Begin with the line that has "Certified 2026 Honda CR-V EX-L image 29". Give it and every line after it again, exactly, through the end of the entries below.

++++ Extracted records ++++

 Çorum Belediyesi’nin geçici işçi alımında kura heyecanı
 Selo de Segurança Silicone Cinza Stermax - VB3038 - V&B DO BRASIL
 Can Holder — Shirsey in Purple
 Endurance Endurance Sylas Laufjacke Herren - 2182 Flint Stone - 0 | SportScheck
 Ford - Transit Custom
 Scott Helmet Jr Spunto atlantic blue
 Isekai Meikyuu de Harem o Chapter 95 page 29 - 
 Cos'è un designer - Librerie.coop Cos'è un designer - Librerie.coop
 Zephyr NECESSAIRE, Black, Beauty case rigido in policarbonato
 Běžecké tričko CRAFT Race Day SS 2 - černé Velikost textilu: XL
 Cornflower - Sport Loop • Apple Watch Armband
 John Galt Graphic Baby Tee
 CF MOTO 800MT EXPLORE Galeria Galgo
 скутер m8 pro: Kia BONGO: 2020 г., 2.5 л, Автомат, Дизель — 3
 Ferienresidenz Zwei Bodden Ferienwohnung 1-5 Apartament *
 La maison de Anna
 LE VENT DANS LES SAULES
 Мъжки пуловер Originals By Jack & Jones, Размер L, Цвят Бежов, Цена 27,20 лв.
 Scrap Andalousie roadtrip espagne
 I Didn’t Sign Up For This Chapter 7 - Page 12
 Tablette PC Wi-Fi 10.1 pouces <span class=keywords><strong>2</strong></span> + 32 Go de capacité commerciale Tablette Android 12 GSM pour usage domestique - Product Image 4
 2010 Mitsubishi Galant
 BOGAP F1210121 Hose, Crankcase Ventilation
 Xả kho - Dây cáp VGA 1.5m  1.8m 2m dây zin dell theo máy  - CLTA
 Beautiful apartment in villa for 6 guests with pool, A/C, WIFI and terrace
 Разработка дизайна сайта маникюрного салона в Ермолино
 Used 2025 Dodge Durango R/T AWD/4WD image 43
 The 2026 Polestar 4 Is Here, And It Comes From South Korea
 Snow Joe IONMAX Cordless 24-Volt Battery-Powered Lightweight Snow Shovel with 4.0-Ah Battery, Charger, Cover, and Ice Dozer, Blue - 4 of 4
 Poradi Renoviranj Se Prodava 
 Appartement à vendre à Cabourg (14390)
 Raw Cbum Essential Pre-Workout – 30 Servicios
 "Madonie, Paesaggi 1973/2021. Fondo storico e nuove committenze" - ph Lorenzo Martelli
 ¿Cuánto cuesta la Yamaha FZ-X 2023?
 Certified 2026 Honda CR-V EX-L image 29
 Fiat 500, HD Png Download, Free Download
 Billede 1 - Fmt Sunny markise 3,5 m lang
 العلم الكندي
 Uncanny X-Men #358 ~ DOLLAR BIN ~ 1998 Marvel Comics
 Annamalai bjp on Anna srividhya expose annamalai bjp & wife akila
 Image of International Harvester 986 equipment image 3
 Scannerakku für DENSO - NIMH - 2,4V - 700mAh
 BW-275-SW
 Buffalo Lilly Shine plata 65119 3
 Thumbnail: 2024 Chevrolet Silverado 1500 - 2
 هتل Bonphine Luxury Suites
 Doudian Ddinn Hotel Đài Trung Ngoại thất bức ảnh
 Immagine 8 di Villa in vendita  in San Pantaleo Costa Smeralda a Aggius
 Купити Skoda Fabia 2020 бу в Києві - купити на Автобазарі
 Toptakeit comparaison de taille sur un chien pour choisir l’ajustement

++++

* _Answer to this problem_:
 Certified 2026 Honda CR-V EX-L image 29
 Fiat 500, HD Png Download, Free Download
 Billede 1 - Fmt Sunny markise 3,5 m lang
 العلم الكندي
 Uncanny X-Men #358 ~ DOLLAR BIN ~ 1998 Marvel Comics
 Annamalai bjp on Anna srividhya expose annamalai bjp & wife akila
 Image of International Harvester 986 equipment image 3
 Scannerakku für DENSO - NIMH - 2,4V - 700mAh
 BW-275-SW
 Buffalo Lilly Shine plata 65119 3
 Thumbnail: 2024 Chevrolet Silverado 1500 - 2
 هتل Bonphine Luxury Suites
 Doudian Ddinn Hotel Đài Trung Ngoại thất bức ảnh
 Immagine 8 di Villa in vendita  in San Pantaleo Costa Smeralda a Aggius
 Купити Skoda Fabia 2020 бу в Києві - купити на Автобазарі
 Toptakeit comparaison de taille sur un chien pour choisir l’ajustement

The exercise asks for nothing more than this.